I have even wondered if the CD player method might be viable! Not fast enough to go all the way to ideal laserists purposes, but imagine a modulatable focusser that allows realtime modification from fine line to gradient fill. I've never heard of this being done in a fast scanned pattern, and maybe there is a better way, but if not a slow one may be better than none. I have no plans to make such a thing though. Way too much like hard work..
EDIT:
I read somewhere that when using the same metal, the thread length never needs to be more than roughly the same as the diameter. That sounds too small, but if you look at most full nuts that is what you get. To prove it works, overtighten any size you care to try. The bolt will snap before the thread breaks in the nut. The real worth of long threads is in avoiding pitch and yaw (and using stainless steel hardware on aluminium substrates, where the strength does matter).

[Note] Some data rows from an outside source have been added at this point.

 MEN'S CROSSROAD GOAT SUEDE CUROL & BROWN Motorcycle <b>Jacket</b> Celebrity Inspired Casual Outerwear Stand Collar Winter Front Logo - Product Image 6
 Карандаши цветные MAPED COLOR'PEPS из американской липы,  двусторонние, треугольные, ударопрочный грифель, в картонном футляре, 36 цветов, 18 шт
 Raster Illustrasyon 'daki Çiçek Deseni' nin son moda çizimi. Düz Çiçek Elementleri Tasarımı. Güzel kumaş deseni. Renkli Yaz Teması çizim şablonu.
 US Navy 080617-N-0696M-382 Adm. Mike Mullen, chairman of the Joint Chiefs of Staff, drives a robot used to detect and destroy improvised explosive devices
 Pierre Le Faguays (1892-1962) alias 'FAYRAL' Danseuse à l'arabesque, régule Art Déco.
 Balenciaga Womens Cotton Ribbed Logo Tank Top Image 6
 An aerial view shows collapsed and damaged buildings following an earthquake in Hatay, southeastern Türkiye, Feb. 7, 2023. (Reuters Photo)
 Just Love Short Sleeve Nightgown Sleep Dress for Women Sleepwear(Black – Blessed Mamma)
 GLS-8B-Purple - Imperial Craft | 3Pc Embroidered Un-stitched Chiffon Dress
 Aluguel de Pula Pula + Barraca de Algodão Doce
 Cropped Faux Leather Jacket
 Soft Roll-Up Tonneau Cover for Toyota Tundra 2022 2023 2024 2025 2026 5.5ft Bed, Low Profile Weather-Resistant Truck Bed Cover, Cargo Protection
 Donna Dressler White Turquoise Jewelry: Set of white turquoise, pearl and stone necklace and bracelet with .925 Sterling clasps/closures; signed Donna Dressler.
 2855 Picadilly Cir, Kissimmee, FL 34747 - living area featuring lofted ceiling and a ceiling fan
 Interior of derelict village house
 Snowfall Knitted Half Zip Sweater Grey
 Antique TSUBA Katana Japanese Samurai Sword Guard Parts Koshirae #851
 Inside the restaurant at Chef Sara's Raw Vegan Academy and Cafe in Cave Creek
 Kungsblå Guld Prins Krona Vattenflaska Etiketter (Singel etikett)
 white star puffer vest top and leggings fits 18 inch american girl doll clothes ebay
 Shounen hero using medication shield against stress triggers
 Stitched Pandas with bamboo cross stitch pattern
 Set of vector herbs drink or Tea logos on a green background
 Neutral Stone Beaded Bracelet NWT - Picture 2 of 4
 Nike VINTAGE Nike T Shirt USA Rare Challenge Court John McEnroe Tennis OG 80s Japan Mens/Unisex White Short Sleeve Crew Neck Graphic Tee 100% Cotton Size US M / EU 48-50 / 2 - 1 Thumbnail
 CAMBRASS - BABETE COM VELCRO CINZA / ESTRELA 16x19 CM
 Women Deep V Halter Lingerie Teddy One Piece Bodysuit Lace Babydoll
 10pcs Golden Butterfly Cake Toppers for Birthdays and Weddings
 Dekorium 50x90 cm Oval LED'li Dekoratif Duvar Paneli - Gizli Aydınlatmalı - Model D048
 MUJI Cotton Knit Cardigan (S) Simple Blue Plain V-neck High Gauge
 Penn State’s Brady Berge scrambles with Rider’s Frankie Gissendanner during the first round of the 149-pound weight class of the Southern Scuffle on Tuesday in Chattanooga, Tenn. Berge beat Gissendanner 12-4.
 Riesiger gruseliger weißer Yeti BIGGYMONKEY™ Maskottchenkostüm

This is one reason I like Dave's mounts, because that fixes a nasty problem I had with mine, which were far too short for accurate control. Whatever I do I have found that making mounts too short is a way to degrade accuracy severely, and the only way to avoid that while making them short is to make them wide! One way or another there needs to be a balance of constraint and leverage in adjustments. One way to displace this problem into a smaller overall dimension (is not a TARDIS.. ha....) is to use tiny screws. Very tiny screws. I only have part of a useful answer with those so I won't post any more here now. Too much not solved properly.
Last edited by The_Doctor; 11-21-2013 at 14:37.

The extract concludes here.